Telling the Story

Published in Hopkins Medicine - Spring/Summer 2023

Curiosity and a passion for learning led Tonya Matthews (Ph.D., ’06) to explore the DNA of inner ear hair cells as a biomedical engineering graduate student. Since then, however, her desire to inspire scientific interests in students has brought her to head programs at museums in Baltimore, Cincinnati and Detroit.

“I really loved not just figuring out how to use basic research but how to translate it, how to get other people to think it was as cool as I did,” she says.

Now, her career path has taken another twist. As the president and CEO tasked to open the International African American Museum (IAAM) in Charleston, South Carolina, Matthews is dedicated to telling “the full story of the African American journey, from ancient African civilization to modern day.”

Slated to open on June 27, the museum is located on Gadsden’s Wharf, the site where tens of thousands of Africans were sold into slavery when they reached American soil. The museum will include nine galleries as well as the Center for Family History, a genealogy center with a specialty in African American ancestry.

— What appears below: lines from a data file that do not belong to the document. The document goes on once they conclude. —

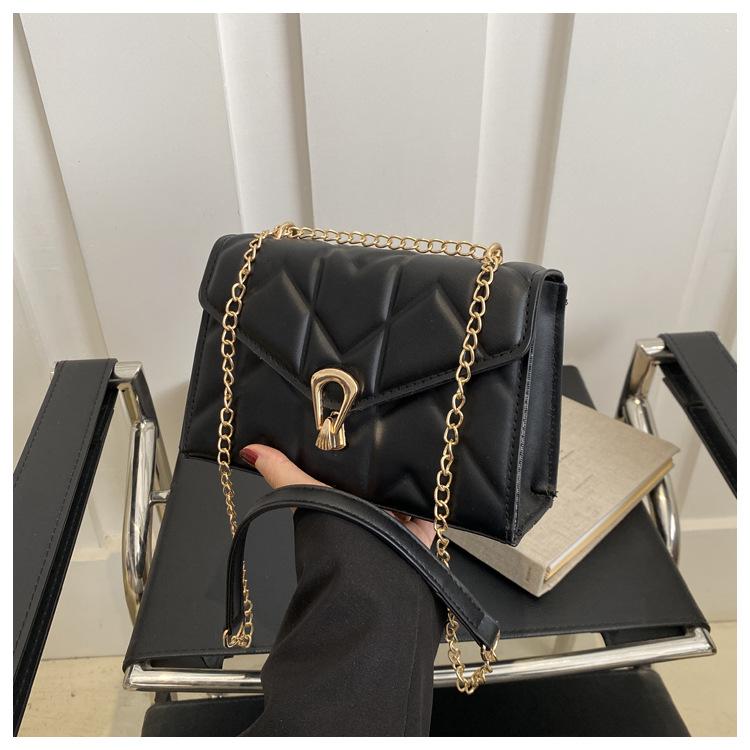 

Foreign style chain bag women s 2024 new summer fashion shoulder crossbody small square bag solid color plaid embroidery thread women s bag чорний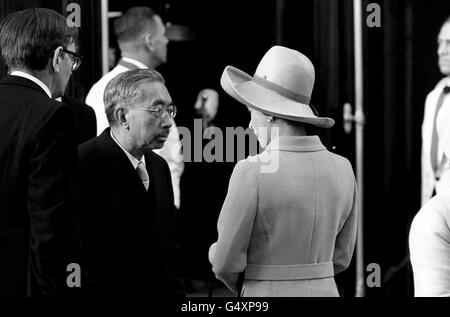 Queen Elizabeth II greets Emperor Hirohito of Japan at Victoria Station, at the start of his State visit to Britain. Stock Photo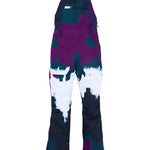 Burton Women's Avalon Stretch 2L Bib Pant 2025 - A pair of purple snow pants with a white logo on the left thigh and black hardware.
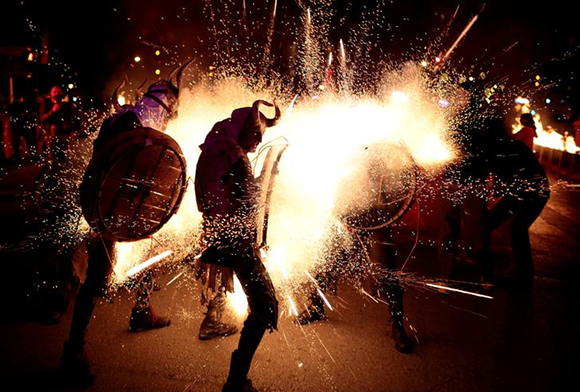  Revellers dressed as devils walk among fireworks during "Correfocs" (fire runs), traditional celebrations in eastern Spain with people dressed as dancing devils while lighting fireworks among crowds of spectators, to mark the end of the local festivities in Palma de Mallorca, Spain, January 21, 2018. Photo by Enrique Calvo 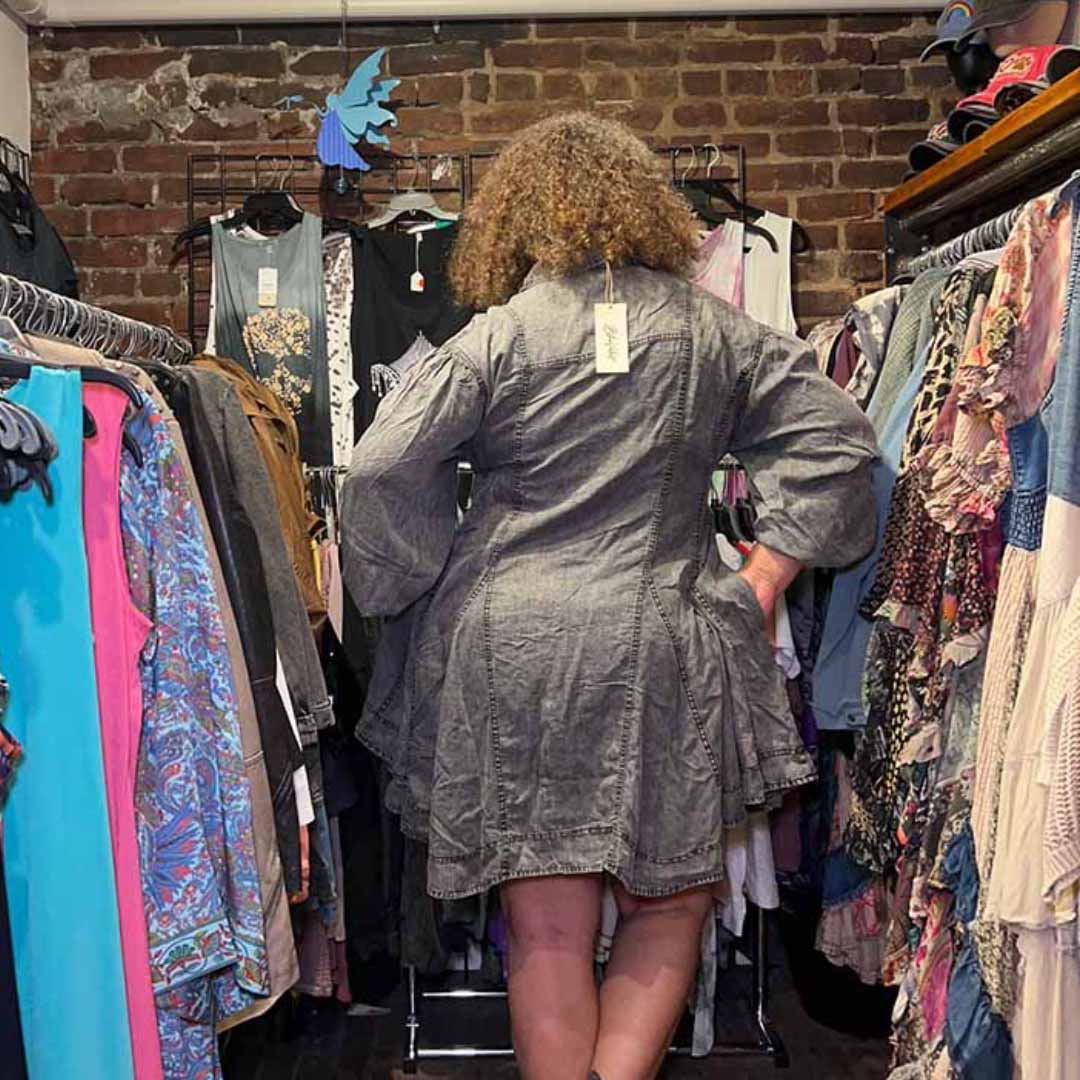 Model facing backwards hands in pocket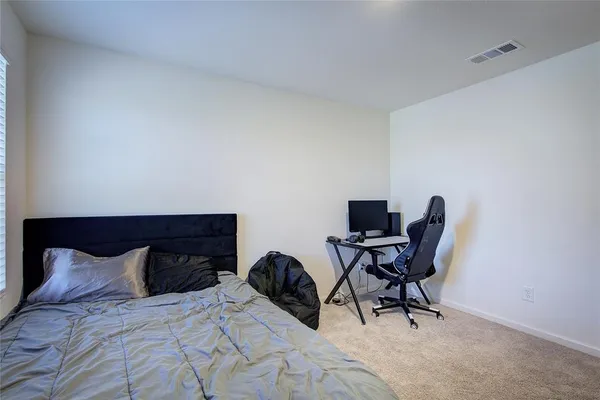 a bedroom with a bed and a chair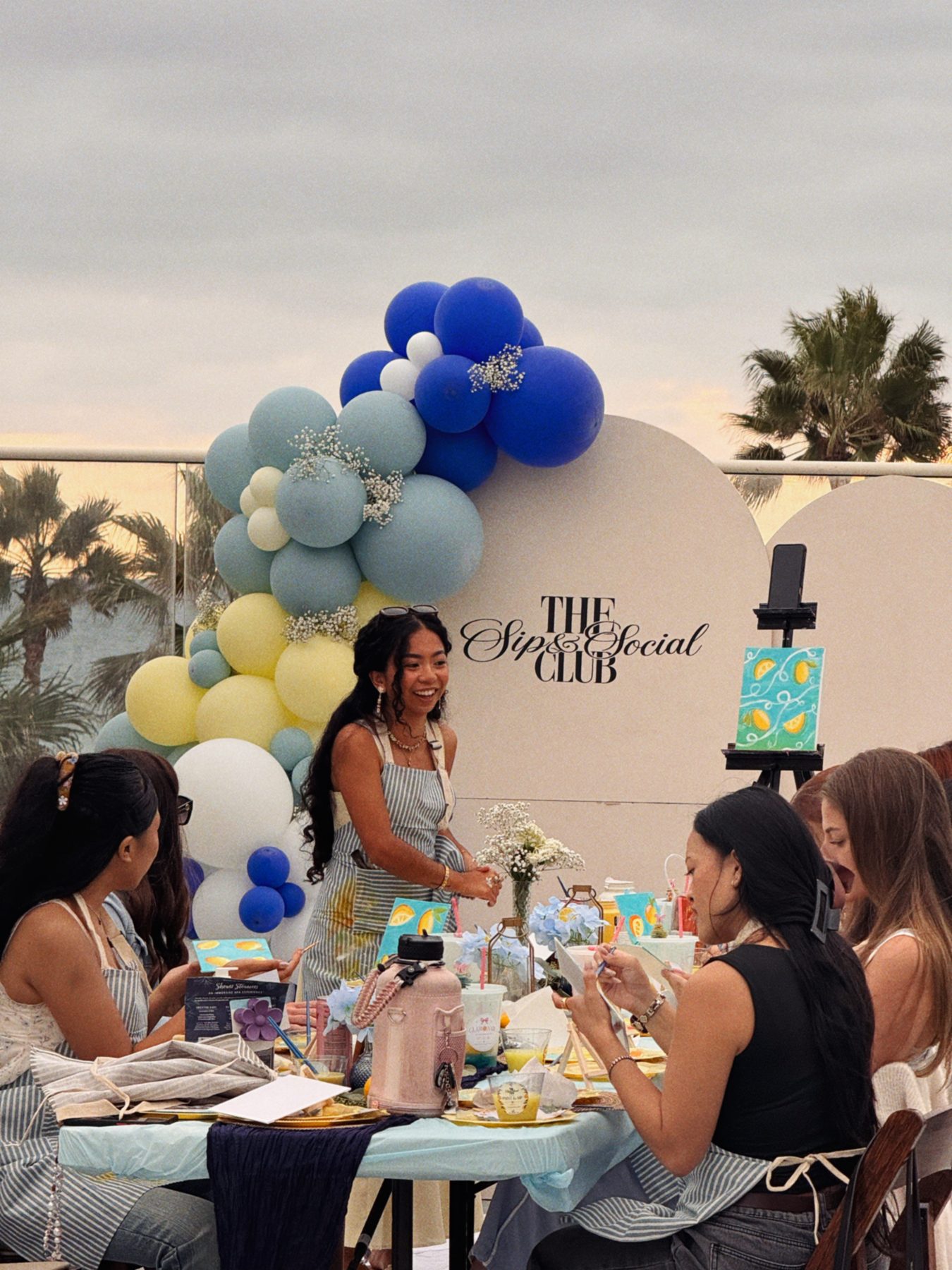 A smiling host leading a lemon-themed paint and sip at a long table in front of a balloon arch and The Sip and Social Club sign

History has been a lifelong interest for Matthews, who received a certificate in African/African American studies at Duke University while earning her undergraduate degree in biomedical and electrical engineering.

During her graduate school years, Matthews volunteered at the Maryland Science Center before managing the biomedical science intern program and the biology and biotechnology exhibition space. “I remain grateful to Hopkins for encouraging graduate students to look outside the lab just a little and figure out how to be a part of the community,” she says.

Prior to joining IAAM in 2021, Matthews served as associate provost for inclusive workforce development and director of the STEM Innovation Learning Center at Wayne State University, as president and CEO of the Michigan Science Center, and as vice president of the Cincinnati Museum Center at Union Terminal. Along the way, she founded the STEMinista Project to engage and educate girls about futures in STEM careers and STEMinista Rising to support professional women in STEM, with an inclusive emphasis on women of color.

Now, she intends to help museum visitors learn about the “intersectionality of cultures” shared by communities throughout the African diaspora. For IAAM, that storytelling begins in an open-access outdoor memorial garden to African ancestors. “Folks can just wander in, which means more people will engage with the space that was Gadsden’s Wharf,” she says. “I like to say that we’re creating random acts of accidental education daily.”